L’errore originario delle istituzioni rappresentative italiane


 Stanno già litigando di nuovo, ma se passa lo sbarramento al 5%, voi pensate sul serio che sarà spazzato via Alfano? Ma no, Alfano e i cespugli in genere, non essendo in grado di raggiungere il 5% ma non volendo scollare le terga dalle poltrone, che faranno? Ovvio, s’infileranno in qualche altro partito più grosso, e si faranno eleggere lo stesso; anzi – che dico eleggere? – nominare!

 All’interno dei partiti in cui s’infilano, saranno lo stesso elemento di instabilità e ricatto che esercitano tuttora. Non è fantapolitica: basta esaminare un poco quanto già succede ogni giorno nel PD. Ecco il difetto, ecco il cancro originario del sistema.

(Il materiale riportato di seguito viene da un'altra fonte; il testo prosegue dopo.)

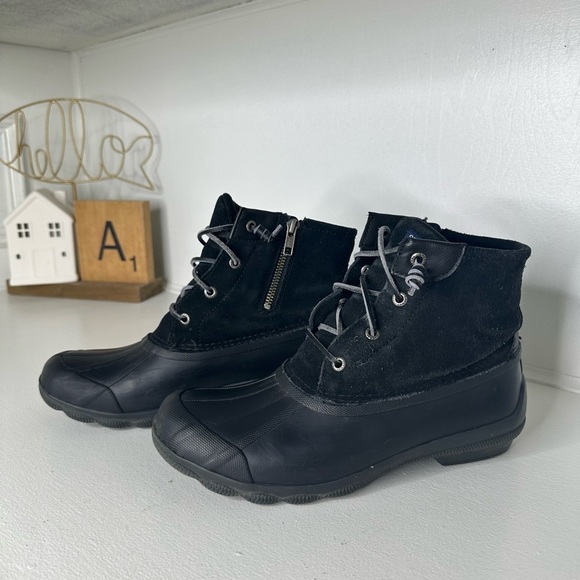 Sperry Shoes - Sperry Top-Sider Saltwater Leather Duck Rainboots - Size 8.5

 È il principio del “senza vincolo di mandato”, proprio delle rappresentanze di modello liberale; di fatto operante anche nello Statuto Albertino (1848-1946) con il divieto di “mandato imperativo”, ma sancito esplicitamente dall’articolo 67 della vigente costituzione. Eletto “senza vincolo”, il rappresentante può tranquillamente zompare da un partito all’altro, o promettere una cosa e poi farne un’altra diversa o contraria. Ciò ha creato una classe di professionisti della politica, il cui unico timore è di non essere rieletti: ma è sufficiente metterli in lista, eccetera.

 L’assetto costituzionale del 1947, del resto, è palesemente proporzionale. La vigente carta venne scritta da una miriade di partiti: due grossi, DC e PCI; un PSI di un certo peso; e tanti PLI, PRI, PSDI eccetera, che in un sistema maggioritario non avrebbero mai eletto un amministratore di condominio; e invece per decenni ebbero ministri e assessori e potere.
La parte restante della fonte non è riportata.